Foi assim que a Banda Marcial voltou à ativa e realizou sua primeira apresentação já no Desfile de 7 de Setembro daquele ano. “Naquele tempo, no primeiro sábado depois do 7 de setembro, era realizado um concurso de bandas e fanfarras pela CSN, lá no Recreio do Trabalhador. Das três bandas que participaram, a nossa ficou em primeiro lugar”.

Esse foi o início da vitoriosa trajetória da Banda de Metais, que conquistou em várias oportunidades o primeiro lugar no Concurso Nacional promovido pela Rádio e TV Record de São Paulo. E não foram poucas as conquistas: foram cinco títulos seguidos em sua categoria, além de Campeã Geral em 1976, 1977 e 1979, o que garantiu à banda a posse em definitivo do Troféu Dr.
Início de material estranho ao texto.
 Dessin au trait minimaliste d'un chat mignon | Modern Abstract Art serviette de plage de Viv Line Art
Paulo Machado de Carvalho, que está exposto na sede do “Volta Redonda Cidade da Música”, na Vila Mury.

Com o acréscimo de outros instrumentos, ela se tornou a Banda de Concerto da Fevre em 1982, tendo se apresentado em várias cidades brasileiras.

Um ano antes, em 1981, Nicolau Martins criou a Banda Mini, que passou a ser o primeiro contato dos alunos com os instrumentos de percussão e pífaros (que passou a ter um curso próprio em 1990), tendo como principal objetivo trabalhar a coordenação motora desses jovens.
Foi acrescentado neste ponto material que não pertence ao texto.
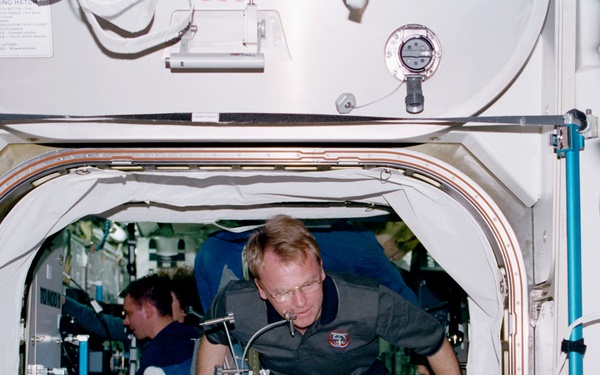 STS-102 crewmember activity in the ISS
“É um trabalho inicial nos primeiros anos da escola. Nossa visão não é fazer músicos, é através da música formar o cidadão”, explica.

O início de um projeto

É preciso, então, voltar um pouco no tempo, mais especificamente para 1974, quando foi convidado a trabalhar na Fevre. Nesse mesmo ano ele deu início ao projeto que, mais de três décadas depois, foi enfim batizado como “Volta Redonda Cidade da Música”, num incansável trabalho de musicalização dos estudantes da rede municipal de ensino que, como já foi salientado anteriormente, tem mais a ver com a formação do ser humano que com “fabricar” músicos.
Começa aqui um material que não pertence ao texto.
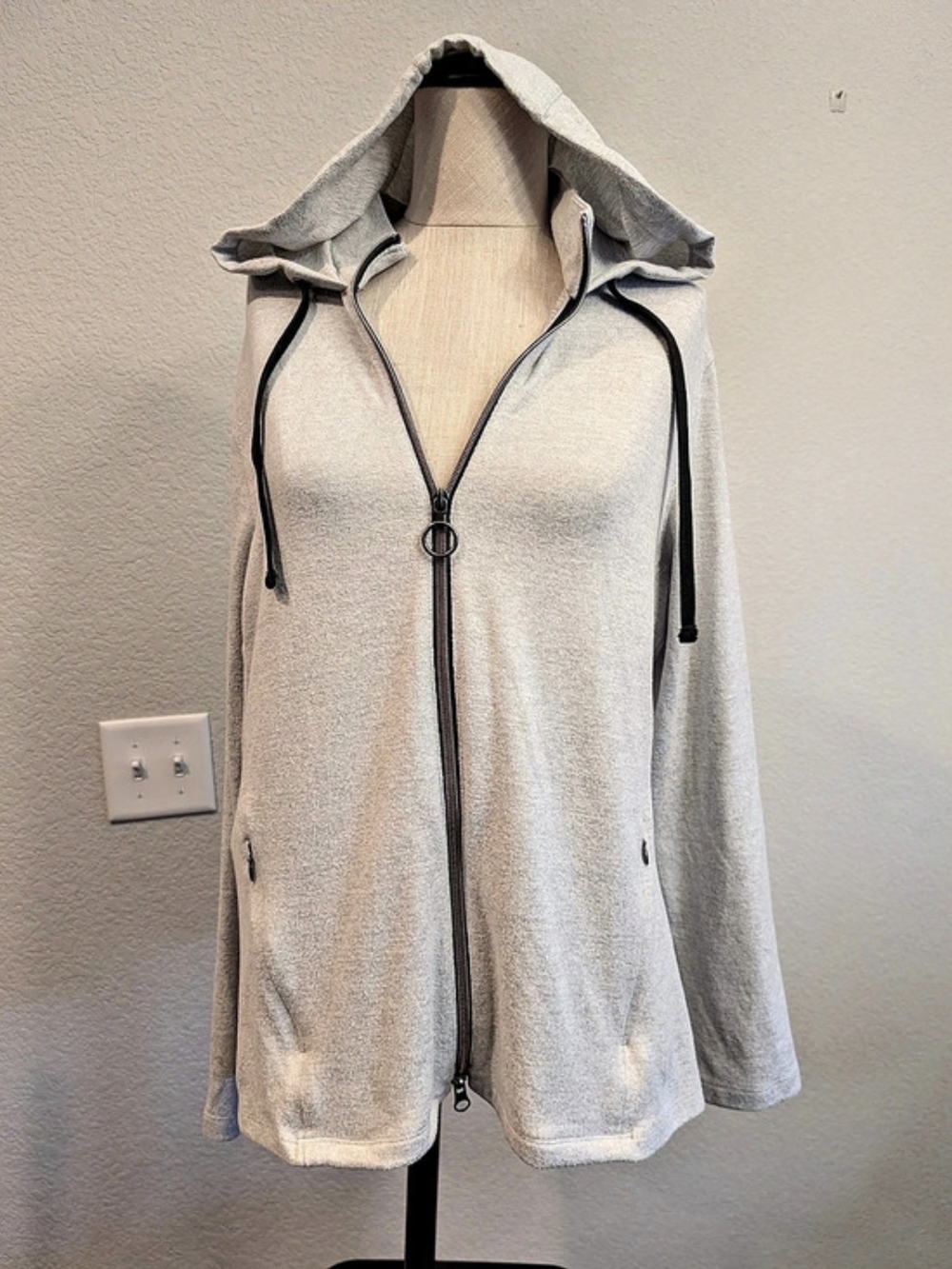 Greg Norman Hooded Zip Jacket in Gray Sz Large Active Sporty Athlesuire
“A música é constituída de melodia, de harmonia e de ritmo. E eu li em um artigo algo que achei lindo: que a melodia é referente à coisa espiritual, de Deus; a harmonia é da alma; e o ritmo é do corpo. E a gente trabalha esses três elementos para desenvolver a sua capacidade de memória, e até mesmo de andar. Tem crianças aqui que não conseguiam conjugar o pé com a mão, e hoje conseguem. Nós trabalhamos até ela chegar ao máximo que pode desenvolver. Temos vários casos de crianças que tinham dificuldade motora, de entendimento”, diz.

Atualmente, o “Cidade da Música” trabalha em mais de 30 escolas municipais de Volta Redonda, do primeiro ao quinto ano do Ensino Fundamental. “Trabalhamos na sala de aula com as turmas, e a criança que desperta para a música vai para a Banda Mini”.

A criação da Orquestra

Banda Marcial, Banda de Concerto, Coro Infanto-Juvenil (criado no ano 2000), os projetos “Volta Redonda Cidade da Música” e “Do Aço ao Clássico” (que envolve todas as apresentações musicais)… Ainda havia espaço para mais, e um dos grandes marcos da cultura do município foi a criação da Orquestra de Cordas de Volta Redonda, em 1995. Ela foi antecipada, em 1992, pela Orquestra Sinfônica Embrião de Volta Redonda, com a criação da primeira turma de violinos no mesmo ano, seguida pelas turmas de violas (1993) e violoncelos (1994). Outros frutos dessa época são as orquestras de Violinos e a de Violoncelos e Contrabaixos.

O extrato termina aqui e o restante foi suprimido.